WHAT YOU ARE ASKED TO DO: Every picture is to be removed, and all the data is to be copied exactly.

*** Opening SOURCE DATA ***

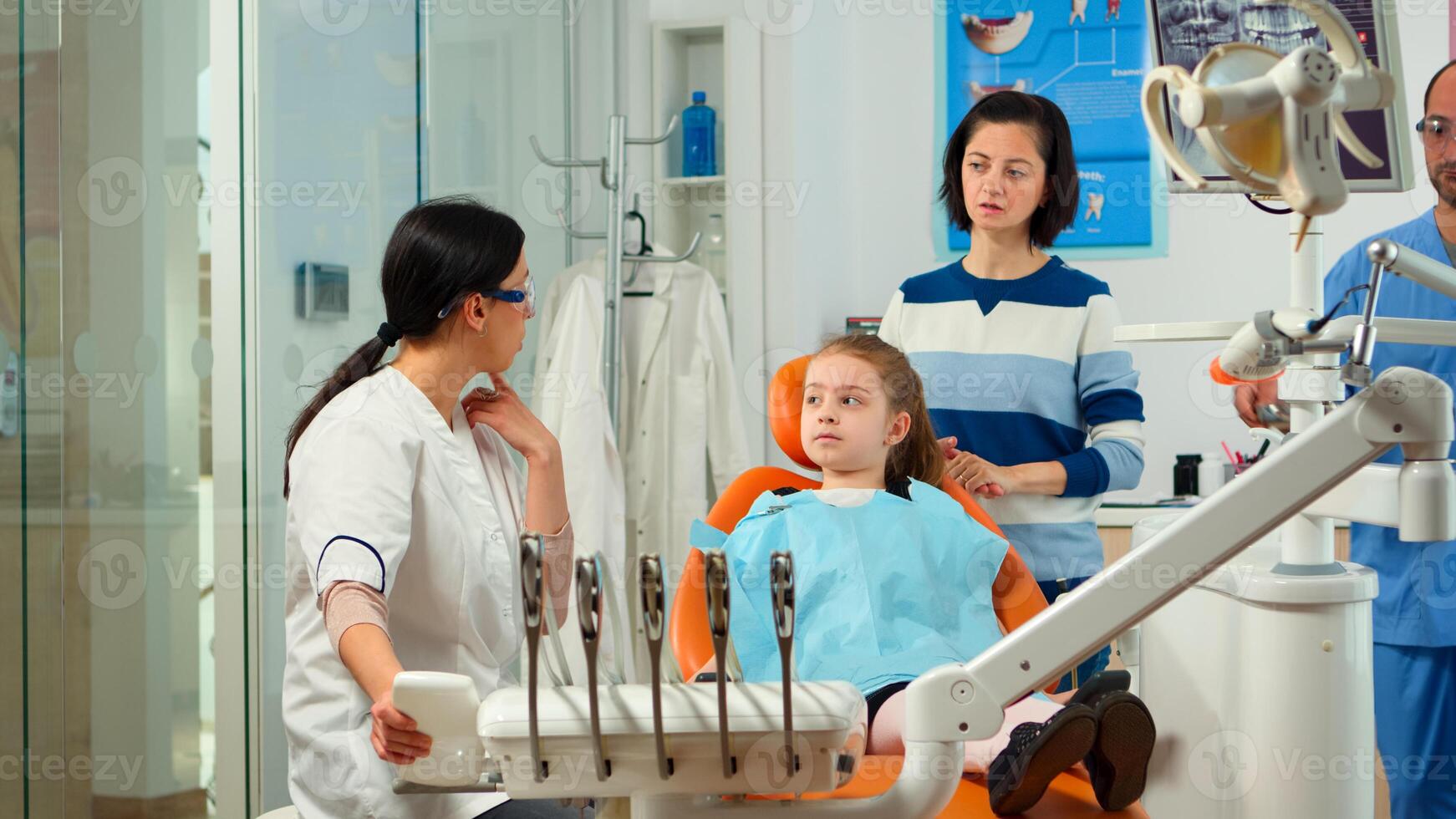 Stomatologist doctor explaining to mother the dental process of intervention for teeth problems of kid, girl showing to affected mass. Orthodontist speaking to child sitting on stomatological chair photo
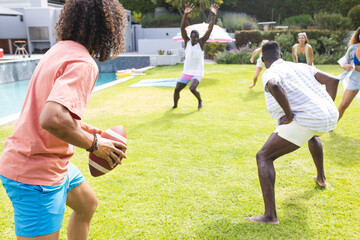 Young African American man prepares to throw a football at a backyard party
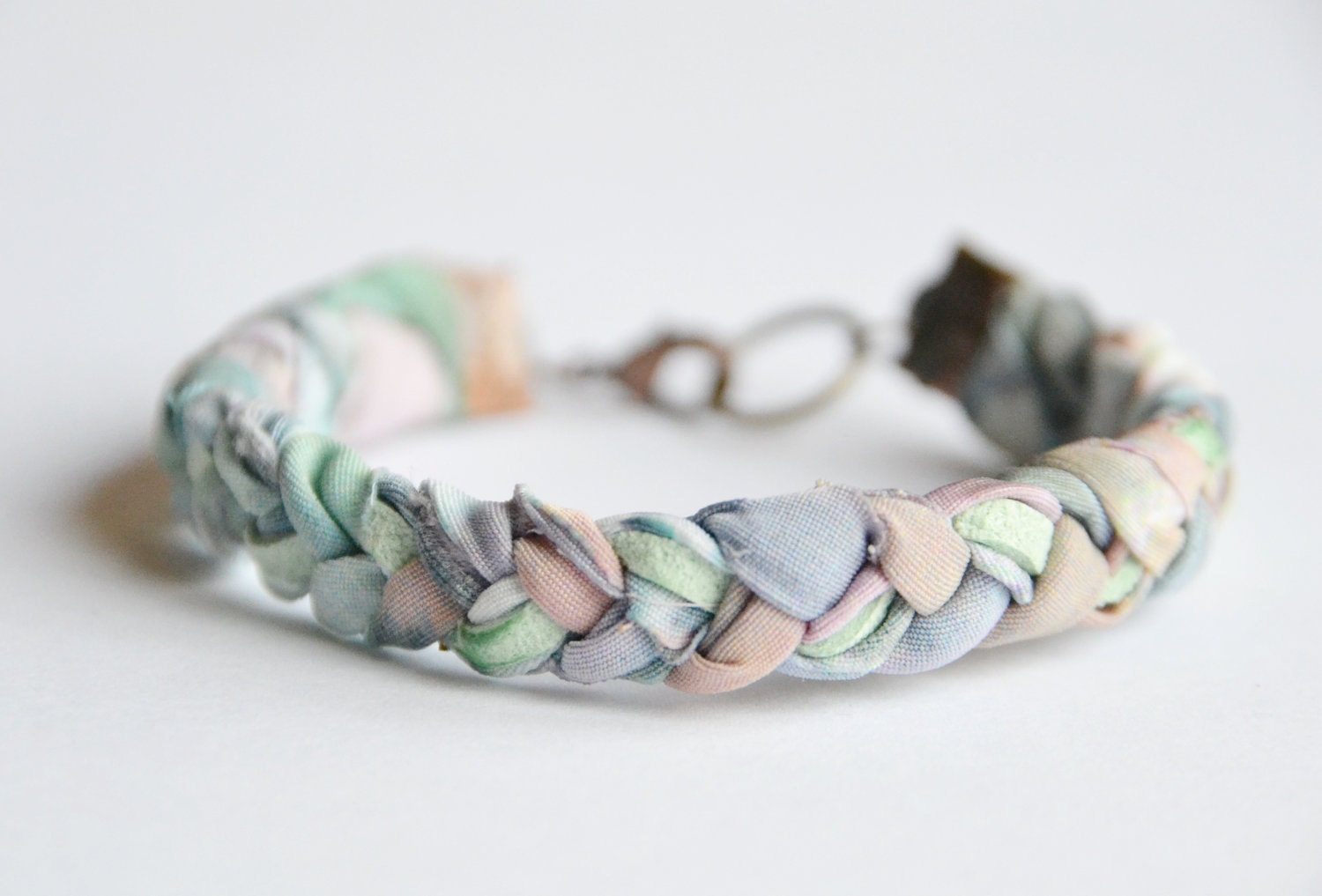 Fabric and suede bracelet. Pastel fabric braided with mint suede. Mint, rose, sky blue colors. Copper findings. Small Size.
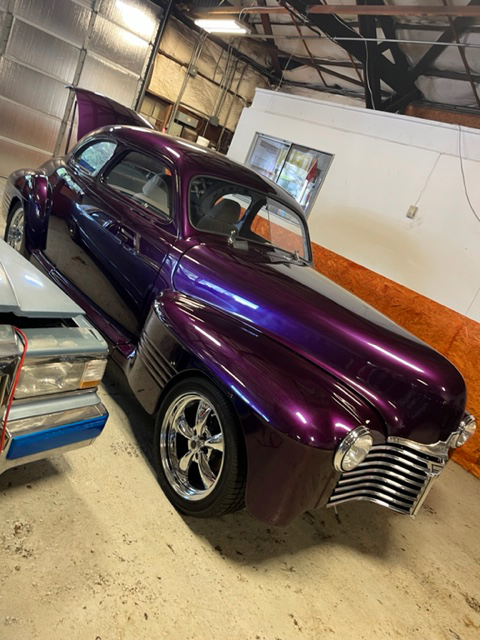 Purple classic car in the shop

*** Closing SOURCE DATA ***

COMPLETED TASK:
 Stomatologist doctor explaining to mother the dental process of intervention for teeth problems of kid, girl showing to affected mass. Orthodontist speaking to child sitting on stomatological chair photo
 Young African American man prepares to throw a football at a backyard party
 Fabric and suede bracelet. Pastel fabric braided with mint suede. Mint, rose, sky blue colors. Copper findings. Small Size.
 Purple classic car in the shop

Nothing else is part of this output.